The proxy strips the prefix on inbound requests; the server passes --path_prefix /api/tb/<queue_id> to TB so that its internally generated links and asset URLs resolve correctly under the proxy mount. This is why the URL on the job card includes /api/tb/<queue_id>/ rather than pointing at the raw TB port. The webui handles this plumbing automatically -- you should not normally need to set --path_prefix yourself.

Enabling --bind_all in the modal makes TB listen on every interface on the chosen port. This bypasses the proxy gate -- anyone who can reach that port on the host can read your training metrics. Use it only on trusted networks (or, more typically, leave it off and rely on the proxy + the webui's login).

WebSockets are not proxied, so the realtime profile plugin is unavailable through /api/tb/<queue_id>/. Set --bind_all and connect directly to the upstream port if you need it.

If both --bind_all and a host override are passed, --bind_all wins (matching the tensorboard CLI's own precedence).

Common gotchas

  • Port collisions. Each concurrent TB instance needs a distinct port on the host.
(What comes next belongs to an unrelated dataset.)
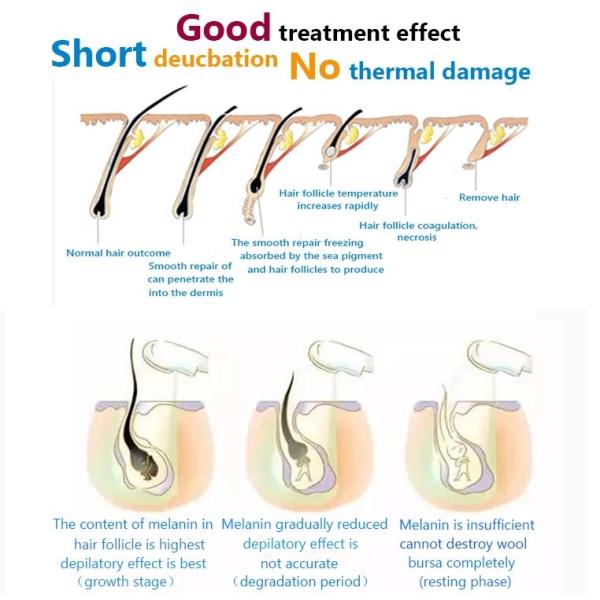 Effective SHR IPL Beauty Equipment For Hair Removal / Skin Rejuvenation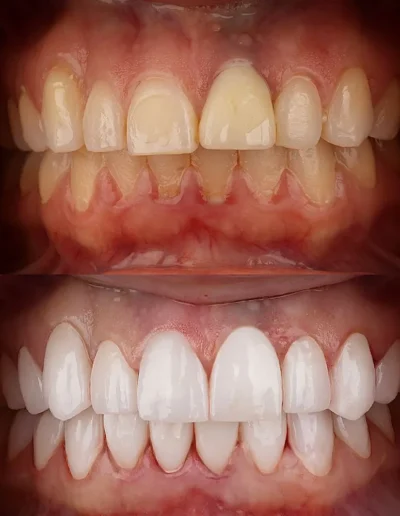 Hollywood dentist for smile design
SSH port-forwards keyed to 6006 are common, so the modal sticks with that default rather than rotating it -- pick a fresh port per submit if you already have one running.
  • No GPUs are reserved. TensorBoard is CPU-only; the scheduler enqueues it with requested_gpus=0. It will not block training jobs on the GPU pool.
  • Event files appear late. The trainer flushes events periodically; immediately after forgather train starts, the logdir may be empty for a few seconds.
  • Stale logdir. TB caches its event-file scan; if you add new run directories under the same logdir while TB is running, set a smaller reload interval or restart the job.

See also

  • Log Analysis -- the Forgather-native forgather logs summary / forgather logs plot CLI works against trainer_logs.json and complements TB for quick offline plots and cross-run summaries.
  • Forgather Server -- auth model behind the /api/tb/ proxy and the rest of the webui.
  • Server CLI -- workflow walkthrough for forgather tb --enqueue, forgather job, forgather sched, and friends.
  • MkDocs -- the other long-lived viewer spawned from the Services menu; same lifecycle and auth-gating model.